Ball exercises help strengthen and give flexibility to postural muscles to prevent back pain.
The Swiss ball, also known as stability ball or physio ball, is frequently used for its great usefulness to keep the spine flexible, tone and strengthen postural muscles, as well as relieve or prevent back pain.
Although it seems paradoxical, the effectiveness of this technique lies in the instability of the ball, which forces the muscles to work and exercise balance and senses to maintain the position.
WORKS BALANCE TO RELIEVE BACK PAIN
This technique is based on the exercises developed by the Swiss doctor Susan Klein Vogelbach, who established the methodology and applications of work with balls.
The postural muscles (neck, back, abdomen and legs) support the body, allow its movement and contribute to keeping the center of gravity stable, both at rest and in motion.
Working with the ball forces you to use balance, which increases strength and muscle tone and favors its strengthening and intervertebral muscles, which reinforce the structures of the vertebrae.
BRIDGE EXERCISE
With this posture, the muscle chain is rebalanced, functionality is recovered and the muscles of the back and legs are toned.
It is advisable to go barefoot, which allows a better grip of the ball with the feet and a maximum use of the proprioceptive system.

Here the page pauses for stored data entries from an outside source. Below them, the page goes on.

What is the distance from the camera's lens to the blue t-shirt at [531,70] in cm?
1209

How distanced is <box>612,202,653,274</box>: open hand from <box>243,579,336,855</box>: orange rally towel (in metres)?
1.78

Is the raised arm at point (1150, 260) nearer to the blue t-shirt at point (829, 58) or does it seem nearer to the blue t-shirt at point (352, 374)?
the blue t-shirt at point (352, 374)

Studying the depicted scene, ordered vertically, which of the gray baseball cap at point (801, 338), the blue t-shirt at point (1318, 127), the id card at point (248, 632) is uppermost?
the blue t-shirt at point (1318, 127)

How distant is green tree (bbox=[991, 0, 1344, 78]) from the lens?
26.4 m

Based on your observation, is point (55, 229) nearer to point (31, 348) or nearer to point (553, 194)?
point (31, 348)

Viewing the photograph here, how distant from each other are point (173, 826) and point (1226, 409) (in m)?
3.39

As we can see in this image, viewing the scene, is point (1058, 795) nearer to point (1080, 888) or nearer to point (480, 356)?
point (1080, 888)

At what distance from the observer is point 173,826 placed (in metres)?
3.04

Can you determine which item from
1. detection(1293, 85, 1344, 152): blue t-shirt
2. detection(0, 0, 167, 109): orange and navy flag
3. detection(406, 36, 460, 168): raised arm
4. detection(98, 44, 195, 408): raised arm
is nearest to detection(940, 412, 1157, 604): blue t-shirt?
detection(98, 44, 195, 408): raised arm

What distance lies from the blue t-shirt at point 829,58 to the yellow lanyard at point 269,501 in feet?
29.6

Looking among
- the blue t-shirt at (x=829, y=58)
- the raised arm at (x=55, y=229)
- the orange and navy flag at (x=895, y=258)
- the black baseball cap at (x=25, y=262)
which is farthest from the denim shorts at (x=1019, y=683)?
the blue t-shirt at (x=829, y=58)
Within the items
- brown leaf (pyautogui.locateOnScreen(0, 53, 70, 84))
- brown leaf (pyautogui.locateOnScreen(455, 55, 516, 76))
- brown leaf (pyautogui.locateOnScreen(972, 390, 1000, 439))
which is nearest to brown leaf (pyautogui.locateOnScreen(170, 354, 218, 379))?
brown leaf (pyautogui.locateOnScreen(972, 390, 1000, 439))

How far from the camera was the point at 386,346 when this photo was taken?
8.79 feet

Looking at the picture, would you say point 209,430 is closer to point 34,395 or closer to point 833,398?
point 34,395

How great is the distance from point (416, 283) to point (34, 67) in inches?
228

THE GUIDELINES YOU SHOULD FOLLOW ARE:
- Lie on your back with your arms parallel to your body, and with your palms lying face down, your knees bent and the soles of your feet resting on the ball.
- Breathe in and try to lift the trunk, arching it from the hips to the upper back.
- Hold this pose for 5-10 seconds.
- He spires and rests the trunk back on the mat.
- Once the movement is finished, lower your feet and rest them on the mat.
- Breathe in and out deeply.
- Repeat the exercise 10 times.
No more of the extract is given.